Source  :  PUBLIC BANK
Stock  :  AIRASIA       Price Target  :  1.89      |      Price Call  :  HOLD
        Last Price  :  1.78      |      Upside/Downside  :  +0.11 (6.18%)
Source  :  PUBLIC BANK
Stock  :  TOPGLOV       Price Target  :  4.15      |      Price Call  :  SELL
        Last Price  :  4.60      |      Upside/Downside  :  -0.45 (9.78%)


US: Trade deficit widens more than expected to USD54.9bn in August. With the value of imports rising by more than the value of exports, the Commerce Department released a report showing the US trade deficit widened by more than anticipated in the month of August. The report said the trade deficit widened to USD54.9bn in August from USD54.0bn in July, while economists had expected the trade deficit to widen to USD54.5bn. The wider trade deficit came as the value of imports climbed by 0.5% to USD262.8bn in August after edging down to USD261.4bn in July. Significant increases in imports of cell phones and other household goods, semiconductors, and other industrial machines were partly offset by a steep drop in imports of industrial supplies and materials. Meanwhile, the report said the value of exports rose by 0.2% to USD207.9bn in August after climbing to USD207.4bn in July. (RTT)

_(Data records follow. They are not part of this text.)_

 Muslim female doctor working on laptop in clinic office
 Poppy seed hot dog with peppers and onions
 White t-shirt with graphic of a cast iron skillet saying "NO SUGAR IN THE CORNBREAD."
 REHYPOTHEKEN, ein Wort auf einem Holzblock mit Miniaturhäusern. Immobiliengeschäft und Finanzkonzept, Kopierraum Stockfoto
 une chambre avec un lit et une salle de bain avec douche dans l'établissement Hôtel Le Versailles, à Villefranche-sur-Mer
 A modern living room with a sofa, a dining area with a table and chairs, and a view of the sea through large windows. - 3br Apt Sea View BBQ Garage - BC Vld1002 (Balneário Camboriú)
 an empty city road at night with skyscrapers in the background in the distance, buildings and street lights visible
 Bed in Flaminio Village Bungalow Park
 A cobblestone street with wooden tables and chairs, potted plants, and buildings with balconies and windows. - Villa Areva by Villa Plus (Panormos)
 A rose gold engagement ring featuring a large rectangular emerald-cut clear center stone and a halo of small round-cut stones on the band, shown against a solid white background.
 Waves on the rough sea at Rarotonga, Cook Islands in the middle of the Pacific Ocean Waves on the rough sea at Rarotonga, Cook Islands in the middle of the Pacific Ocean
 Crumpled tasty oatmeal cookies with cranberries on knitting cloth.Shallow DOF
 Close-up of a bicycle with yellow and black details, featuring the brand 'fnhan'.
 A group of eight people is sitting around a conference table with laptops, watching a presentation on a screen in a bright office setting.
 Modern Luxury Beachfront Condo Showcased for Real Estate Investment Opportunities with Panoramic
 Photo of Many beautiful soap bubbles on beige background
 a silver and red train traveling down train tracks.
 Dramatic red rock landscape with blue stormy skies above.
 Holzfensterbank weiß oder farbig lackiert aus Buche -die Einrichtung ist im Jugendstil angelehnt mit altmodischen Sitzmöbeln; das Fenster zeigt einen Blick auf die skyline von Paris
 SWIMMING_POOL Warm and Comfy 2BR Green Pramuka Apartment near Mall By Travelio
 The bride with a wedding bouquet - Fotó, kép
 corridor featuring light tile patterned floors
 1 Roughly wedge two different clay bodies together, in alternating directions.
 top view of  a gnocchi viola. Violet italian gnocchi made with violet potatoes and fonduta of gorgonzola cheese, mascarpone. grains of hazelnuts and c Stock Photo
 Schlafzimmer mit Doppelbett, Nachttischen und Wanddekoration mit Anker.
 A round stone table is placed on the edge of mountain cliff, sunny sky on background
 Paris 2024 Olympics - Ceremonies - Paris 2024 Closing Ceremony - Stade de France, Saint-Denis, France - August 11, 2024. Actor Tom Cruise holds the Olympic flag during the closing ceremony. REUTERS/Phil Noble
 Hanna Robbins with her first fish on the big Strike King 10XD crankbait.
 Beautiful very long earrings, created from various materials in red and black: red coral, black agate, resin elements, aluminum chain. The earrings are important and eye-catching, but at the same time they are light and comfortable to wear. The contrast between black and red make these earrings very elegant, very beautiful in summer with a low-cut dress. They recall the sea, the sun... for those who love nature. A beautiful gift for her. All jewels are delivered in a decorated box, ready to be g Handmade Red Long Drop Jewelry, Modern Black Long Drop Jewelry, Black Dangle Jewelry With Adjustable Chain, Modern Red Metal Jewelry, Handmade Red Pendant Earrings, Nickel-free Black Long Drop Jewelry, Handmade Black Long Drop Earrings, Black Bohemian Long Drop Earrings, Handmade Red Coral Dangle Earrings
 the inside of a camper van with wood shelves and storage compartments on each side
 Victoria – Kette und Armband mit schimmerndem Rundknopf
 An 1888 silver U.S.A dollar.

US: Unemployment rate falls to 3.5%; job growth steady. US job growth increased moderately in Sept, with the unemployment rate dropping to near a 50-year low of 3.5%, assuaging financial market concerns that the slowing economy was on the brink of a recession amid lingering trade tensions. The employment report, however, showed wage growth stagnating and manufacturing payrolls declining for the first time in six months. The retail sector also continued to shed jobs. Nonfarm payrolls increased by 136,000 jobs last month, the government said. August data was revised to show 168,000 jobs created, instead of the previously-reported 130,000 positions. The initial August job count was probably held back by a seasonal quirk related to students leaving their summer jobs and returning to school. (Reuters)

EU: Retail sales recover in August. Eurozone retail sales recovered in August largely driven by non-food product sales, data from Eurostat showed. Retail sales grew 0.3% MoM in August, reversing a 0.5% drop in July. The rate of growth matched economists' expectations. Food sales remained flat, while non-food product sales gained 0.4%. Automotive fuel in specialized stores edged up 0.1%. YoY, retail sales growth eased marginally to 2.1% from 2.2% in July. Nonetheless, this was slightly faster than the expected 2%. Another report from Eurostat showed that producer prices declined in August mainly due to a notable fall in energy prices. Producer prices decreased by 0.8% annually, following a 0.1% rise in July. Economists had forecast a 0.5% fall. The annual decline reflected a 4.9% drop in energy prices and a 0.4% decrease in intermediate goods prices. (RTT)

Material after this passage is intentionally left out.